:: INFORMATION SUPPLIED

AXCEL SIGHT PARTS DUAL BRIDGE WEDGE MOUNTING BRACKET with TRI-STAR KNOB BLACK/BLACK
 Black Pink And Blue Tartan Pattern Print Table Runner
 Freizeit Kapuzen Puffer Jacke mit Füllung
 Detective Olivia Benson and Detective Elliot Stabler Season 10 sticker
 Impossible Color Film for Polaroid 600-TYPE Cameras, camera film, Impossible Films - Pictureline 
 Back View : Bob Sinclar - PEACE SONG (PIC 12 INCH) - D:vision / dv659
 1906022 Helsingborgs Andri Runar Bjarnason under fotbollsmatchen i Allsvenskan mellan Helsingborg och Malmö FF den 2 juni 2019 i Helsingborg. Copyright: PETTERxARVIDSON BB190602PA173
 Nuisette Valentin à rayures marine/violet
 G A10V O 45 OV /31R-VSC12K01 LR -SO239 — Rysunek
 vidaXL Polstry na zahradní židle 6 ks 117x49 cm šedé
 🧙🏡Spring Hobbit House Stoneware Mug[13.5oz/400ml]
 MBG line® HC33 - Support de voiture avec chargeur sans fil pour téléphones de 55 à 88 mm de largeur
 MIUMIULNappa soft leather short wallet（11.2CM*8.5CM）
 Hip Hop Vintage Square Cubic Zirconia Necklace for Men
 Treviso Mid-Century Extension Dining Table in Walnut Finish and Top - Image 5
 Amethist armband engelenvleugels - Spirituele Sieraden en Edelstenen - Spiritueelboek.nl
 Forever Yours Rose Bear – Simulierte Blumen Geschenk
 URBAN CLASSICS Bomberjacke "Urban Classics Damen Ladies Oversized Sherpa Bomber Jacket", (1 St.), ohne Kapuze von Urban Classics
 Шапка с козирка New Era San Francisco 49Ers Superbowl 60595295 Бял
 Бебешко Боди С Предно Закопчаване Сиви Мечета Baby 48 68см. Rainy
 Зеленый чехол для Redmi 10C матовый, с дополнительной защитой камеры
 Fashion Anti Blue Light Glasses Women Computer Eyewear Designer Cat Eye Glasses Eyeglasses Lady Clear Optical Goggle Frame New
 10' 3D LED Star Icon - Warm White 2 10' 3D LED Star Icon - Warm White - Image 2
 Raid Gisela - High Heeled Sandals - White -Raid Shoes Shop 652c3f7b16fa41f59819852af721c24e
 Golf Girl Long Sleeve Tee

::::

(EXERCISE) All lines from the one containing "G A10V O 45" down to the final line above are to be restated word for word; leave out the rest.

(REPLY)
 G A10V O 45 OV /31R-VSC12K01 LR -SO239 — Rysunek
 vidaXL Polstry na zahradní židle 6 ks 117x49 cm šedé
 🧙🏡Spring Hobbit House Stoneware Mug[13.5oz/400ml]
 MBG line® HC33 - Support de voiture avec chargeur sans fil pour téléphones de 55 à 88 mm de largeur
 MIUMIULNappa soft leather short wallet（11.2CM*8.5CM）
 Hip Hop Vintage Square Cubic Zirconia Necklace for Men
 Treviso Mid-Century Extension Dining Table in Walnut Finish and Top - Image 5
 Amethist armband engelenvleugels - Spirituele Sieraden en Edelstenen - Spiritueelboek.nl
 Forever Yours Rose Bear – Simulierte Blumen Geschenk
 URBAN CLASSICS Bomberjacke "Urban Classics Damen Ladies Oversized Sherpa Bomber Jacket", (1 St.), ohne Kapuze von Urban Classics
 Шапка с козирка New Era San Francisco 49Ers Superbowl 60595295 Бял
 Бебешко Боди С Предно Закопчаване Сиви Мечета Baby 48 68см. Rainy
 Зеленый чехол для Redmi 10C матовый, с дополнительной защитой камеры
 Fashion Anti Blue Light Glasses Women Computer Eyewear Designer Cat Eye Glasses Eyeglasses Lady Clear Optical Goggle Frame New
 10' 3D LED Star Icon - Warm White 2 10' 3D LED Star Icon - Warm White - Image 2
 Raid Gisela - High Heeled Sandals - White -Raid Shoes Shop 652c3f7b16fa41f59819852af721c24e
 Golf Girl Long Sleeve Tee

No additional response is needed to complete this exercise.